News

Cisco Warns of IOS Vulnerability

• By Stephen Swoyer
• May 10, 2007

Cisco Systems Inc. yesterday warned of multiple vulnerabilities in its IOS FTP server, an optional service that's disabled by default.

The FTP Server feature is a feature of Cisco IOS, which powers most Cisco switching, routing and firewall devices, with the exception of Cisco's new IOS XR-based products. As a result of the flaws, Cisco plans to remove the FTP server feature from its IOS builds.

The flaws could result in DoS, improper validation of user credentials, or -- most seriously -- the ability to access (and change) files from the device file system, including saved configurations. The configuration file often contains passwords and other sensitive information, Cisco warned.

If an administrator has specifically enabled and configured the IOS FTP server the device could be vulnerable, Cisco said. Cisco IOS releases based on mainline versions 11.3, 12.0, 12.1, 12.2, 12.3 and 12.4 contain the IOS FTP server. IOS XR is not vulnerable, according to Cisco.

Cisco acknowledged the existence of at least two vulnerabilities in the IOS FTP daemon: an "improper authorization checking" flaw and an "IOS reload when transferring files via FTP" issue. An attacker can exploit the former flaw by connecting to TCP ports 21 and 20. No user interaction or authentication is required, Cisco acknowledged. The same goes for the second vulnerability, as well. An attacker who successfully exploits either of these vulnerabilities could gain unauthorized access to the IOS file system, reload the device itself or -- in some scenarios -- even execute arbitrary code, Cisco acknowledged.

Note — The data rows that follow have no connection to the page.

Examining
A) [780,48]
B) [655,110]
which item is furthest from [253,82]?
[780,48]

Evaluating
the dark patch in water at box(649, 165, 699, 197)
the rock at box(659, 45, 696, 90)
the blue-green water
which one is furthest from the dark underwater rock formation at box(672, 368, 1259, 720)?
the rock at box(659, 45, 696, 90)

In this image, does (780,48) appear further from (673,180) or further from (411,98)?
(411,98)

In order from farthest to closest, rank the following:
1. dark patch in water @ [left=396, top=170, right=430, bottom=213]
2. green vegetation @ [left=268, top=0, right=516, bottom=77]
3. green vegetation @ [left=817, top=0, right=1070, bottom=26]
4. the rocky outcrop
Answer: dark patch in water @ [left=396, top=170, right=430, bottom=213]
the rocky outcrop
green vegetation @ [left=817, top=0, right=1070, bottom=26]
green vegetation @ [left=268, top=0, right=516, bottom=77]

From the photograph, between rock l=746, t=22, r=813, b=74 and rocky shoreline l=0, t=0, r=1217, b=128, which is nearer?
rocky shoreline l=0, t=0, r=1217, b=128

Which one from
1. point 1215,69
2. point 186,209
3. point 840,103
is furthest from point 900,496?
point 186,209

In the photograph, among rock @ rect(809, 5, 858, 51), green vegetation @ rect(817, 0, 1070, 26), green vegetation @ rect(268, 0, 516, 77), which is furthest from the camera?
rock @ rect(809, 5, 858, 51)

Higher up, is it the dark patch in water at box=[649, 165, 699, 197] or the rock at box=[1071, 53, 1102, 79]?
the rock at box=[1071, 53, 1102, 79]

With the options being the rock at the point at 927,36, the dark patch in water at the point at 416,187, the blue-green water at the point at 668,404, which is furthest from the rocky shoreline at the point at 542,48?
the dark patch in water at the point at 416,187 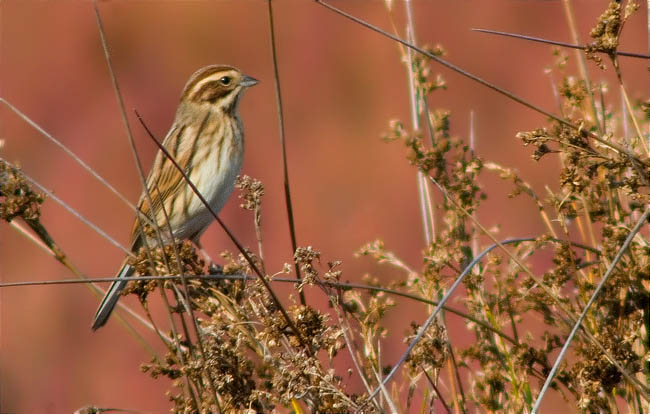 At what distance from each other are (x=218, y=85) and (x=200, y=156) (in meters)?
0.35

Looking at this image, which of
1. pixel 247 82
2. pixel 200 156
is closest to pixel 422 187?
pixel 200 156

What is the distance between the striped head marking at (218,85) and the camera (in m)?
3.45

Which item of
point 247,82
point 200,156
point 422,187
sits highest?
point 247,82

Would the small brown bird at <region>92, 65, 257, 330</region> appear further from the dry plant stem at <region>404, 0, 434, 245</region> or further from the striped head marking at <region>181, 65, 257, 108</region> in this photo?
the dry plant stem at <region>404, 0, 434, 245</region>

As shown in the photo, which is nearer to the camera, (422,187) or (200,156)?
(422,187)

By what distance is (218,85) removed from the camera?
3473 mm

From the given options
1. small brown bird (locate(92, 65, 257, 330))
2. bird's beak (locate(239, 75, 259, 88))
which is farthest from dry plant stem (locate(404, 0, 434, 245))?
bird's beak (locate(239, 75, 259, 88))

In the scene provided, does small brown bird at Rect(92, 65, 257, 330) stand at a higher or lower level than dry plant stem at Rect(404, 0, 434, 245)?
higher

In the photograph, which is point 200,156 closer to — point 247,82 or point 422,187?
point 247,82

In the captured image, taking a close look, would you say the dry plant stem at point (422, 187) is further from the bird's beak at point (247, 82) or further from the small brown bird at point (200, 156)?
the bird's beak at point (247, 82)

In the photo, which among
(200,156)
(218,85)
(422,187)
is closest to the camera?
(422,187)


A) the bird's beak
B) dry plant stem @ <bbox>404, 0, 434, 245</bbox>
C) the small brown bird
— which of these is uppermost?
the bird's beak

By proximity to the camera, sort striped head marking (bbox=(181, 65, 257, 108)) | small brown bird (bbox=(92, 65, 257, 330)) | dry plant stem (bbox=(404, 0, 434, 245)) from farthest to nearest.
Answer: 1. striped head marking (bbox=(181, 65, 257, 108))
2. small brown bird (bbox=(92, 65, 257, 330))
3. dry plant stem (bbox=(404, 0, 434, 245))

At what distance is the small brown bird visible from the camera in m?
3.22
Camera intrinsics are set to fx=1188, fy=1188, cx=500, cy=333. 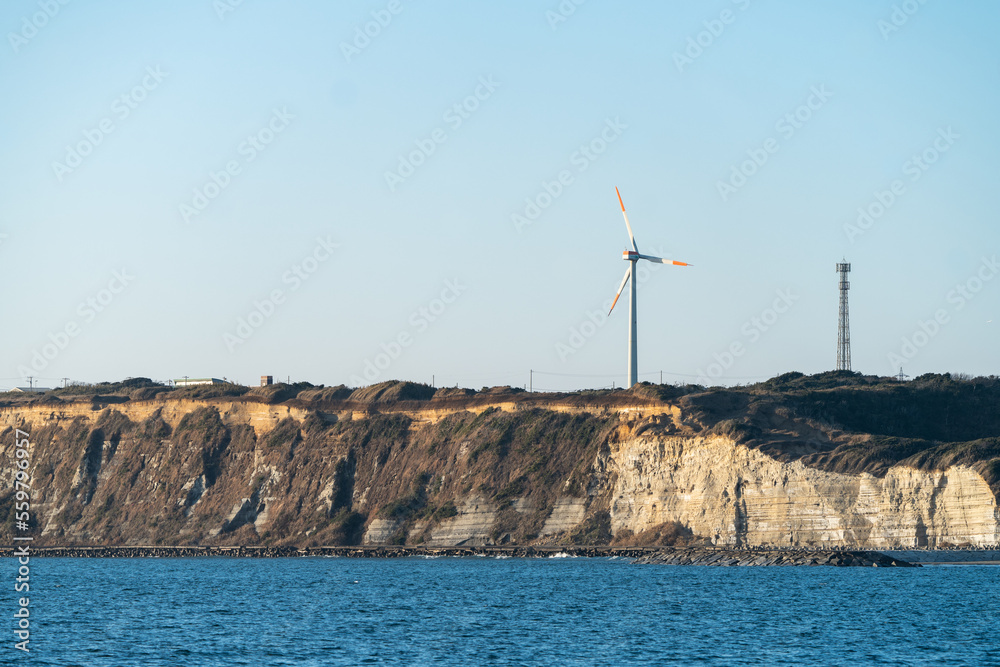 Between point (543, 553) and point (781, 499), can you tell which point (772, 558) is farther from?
point (543, 553)

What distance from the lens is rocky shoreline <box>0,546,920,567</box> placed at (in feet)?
282

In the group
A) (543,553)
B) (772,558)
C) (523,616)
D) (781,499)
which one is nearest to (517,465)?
(543,553)

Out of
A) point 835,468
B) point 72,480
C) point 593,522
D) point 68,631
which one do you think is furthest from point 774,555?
point 72,480

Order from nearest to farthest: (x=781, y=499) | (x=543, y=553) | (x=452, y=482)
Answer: (x=781, y=499), (x=543, y=553), (x=452, y=482)

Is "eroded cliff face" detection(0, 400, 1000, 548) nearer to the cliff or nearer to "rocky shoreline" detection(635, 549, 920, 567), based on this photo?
the cliff

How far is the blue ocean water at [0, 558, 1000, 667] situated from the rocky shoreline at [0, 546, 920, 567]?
2.26 meters

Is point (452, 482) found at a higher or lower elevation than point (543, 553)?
higher

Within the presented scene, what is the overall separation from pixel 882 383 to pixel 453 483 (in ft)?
174

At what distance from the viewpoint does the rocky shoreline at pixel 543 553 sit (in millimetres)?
86062

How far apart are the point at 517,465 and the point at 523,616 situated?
51.7m

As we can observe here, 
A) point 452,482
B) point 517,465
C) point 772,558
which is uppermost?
point 517,465

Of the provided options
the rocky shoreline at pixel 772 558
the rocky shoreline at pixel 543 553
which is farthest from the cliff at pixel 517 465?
the rocky shoreline at pixel 772 558

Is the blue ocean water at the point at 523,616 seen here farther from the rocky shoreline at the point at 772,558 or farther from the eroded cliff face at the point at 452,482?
the eroded cliff face at the point at 452,482

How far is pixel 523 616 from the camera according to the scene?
60281 mm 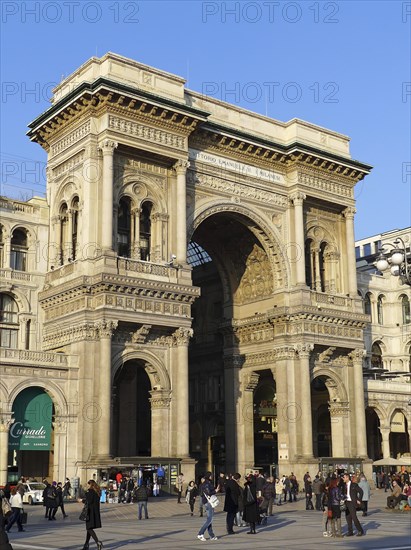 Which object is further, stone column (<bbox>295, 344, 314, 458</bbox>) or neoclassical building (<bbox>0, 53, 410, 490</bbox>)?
stone column (<bbox>295, 344, 314, 458</bbox>)

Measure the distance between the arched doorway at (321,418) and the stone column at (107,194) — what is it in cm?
2199

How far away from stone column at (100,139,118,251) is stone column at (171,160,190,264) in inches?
186

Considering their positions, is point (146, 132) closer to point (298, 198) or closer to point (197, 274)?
point (298, 198)

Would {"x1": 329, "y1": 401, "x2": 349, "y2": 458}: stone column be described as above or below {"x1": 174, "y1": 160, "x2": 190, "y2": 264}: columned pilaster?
below

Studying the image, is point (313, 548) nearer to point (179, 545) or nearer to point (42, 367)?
point (179, 545)

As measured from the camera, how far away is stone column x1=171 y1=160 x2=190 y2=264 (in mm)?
47906

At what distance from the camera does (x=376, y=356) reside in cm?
7469

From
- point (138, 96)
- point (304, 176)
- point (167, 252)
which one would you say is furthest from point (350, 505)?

Just as troubling, an attacker could conceivably retrieve a device's startup configuration file. This file contains passwords or other information that an attacker could use to elevate his or her privileges. An attacker who repeatedly exploits the IOS FTP Server vulnerabilities could also trigger DoS, Cisco said.

A fix isn't yet available, although Cisco plans to release patches for the relevant versions of IOS. Officials recommend that customers disable the IOS FTP Server by switching to configuration mode and executing the "no ftp-server enable" command.

Additionally, and as a common security best practice, Cisco recommends the use of infrastructure access control lists (iACLs) to police which traffic can be sent to infrastructure devices. Similarly, customers can also use network access authentication to mitigate the improper authentication vulnerability, Cisco said.

A full list of recommended mitigations, complete with additional vulnerability details, is available here.

Finally, Cisco officials disclosed plans to remove the FTP Server feature from IOS -- for now. Cisco might add secure FTP server functionality at some point in the future, officials said.